Supporting micro-grids: Just over $50 million was earmarked to support feasibility studies into micro-grids that can power regional communities. Mr Taylor said that this includes “off-grid and ‘edge of electricity grid’ areas where local distributed generation and demand management is used to ensure supply.”
Further energy-related items: The Budget also covered a range of initiatives in the commercial real estate sector, including expanding the National Australian Built Environment Rating System (NABERS) to improve and increase energy efficiency and a review of the Commercial Building Disclosure (CBD) program to expand it to more high-energy use buildings.

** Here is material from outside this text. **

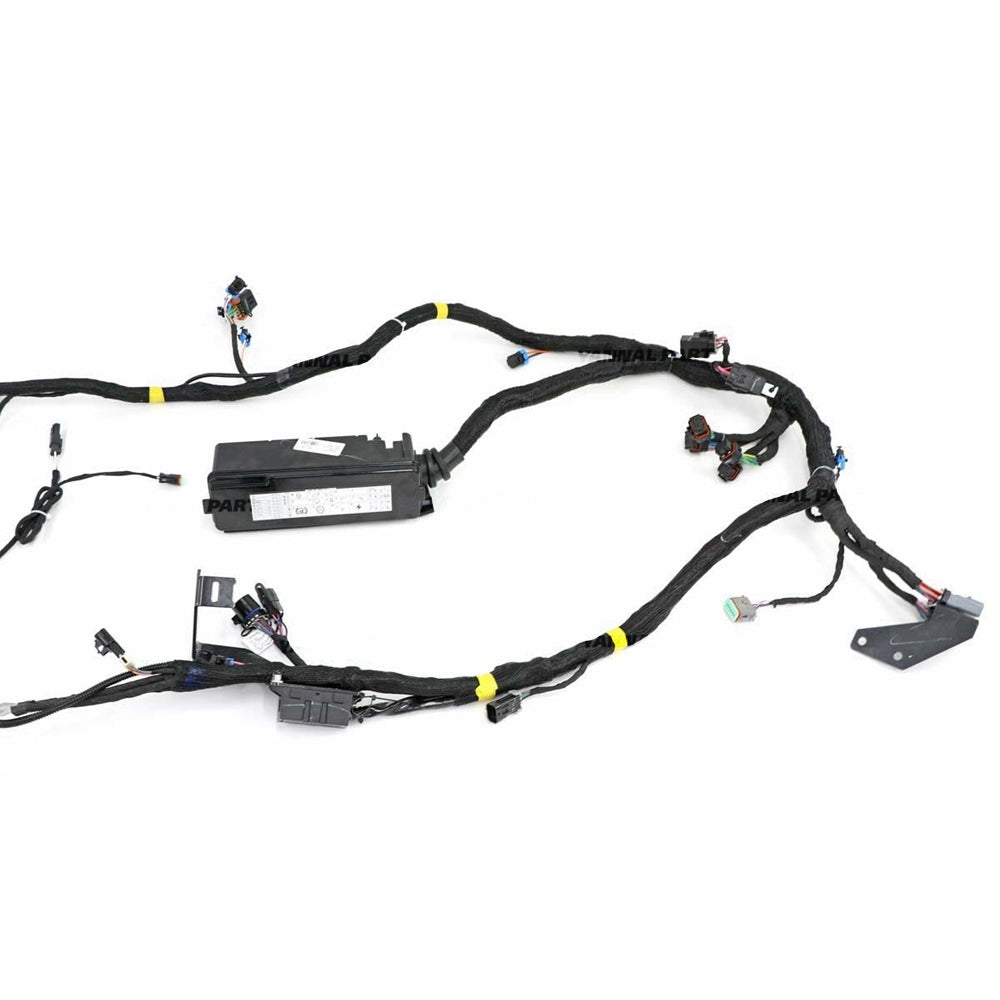 Part No. 7353575 Main Frame Harness for Loaders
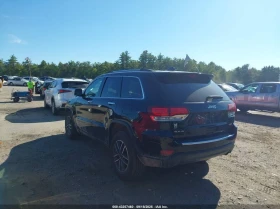 Jeep Grand cherokee * LIMITED 4X4 * CARFAX * БЕЗ ПЪРВОНАЧАЛНА ВНОСКА - 29200 лв. / 14929.72 € - 81115036 3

To assist in managing gas prices, the Government allocated $8.4 million in funding for gas exploration projects, specifically for the development of the Beetaloo sub-basin in the Northern Territory.
In the lead up to the election, the Labour Party and other political parties are positioning alternative solutions to the energy policy issues invoked within the Federal Budget and related Morrison Government announcements. The long-running debate about Australia’s energy future will remain a central theme during the pre-election campaign period, with the ultimate impact on energy users as yet unknown.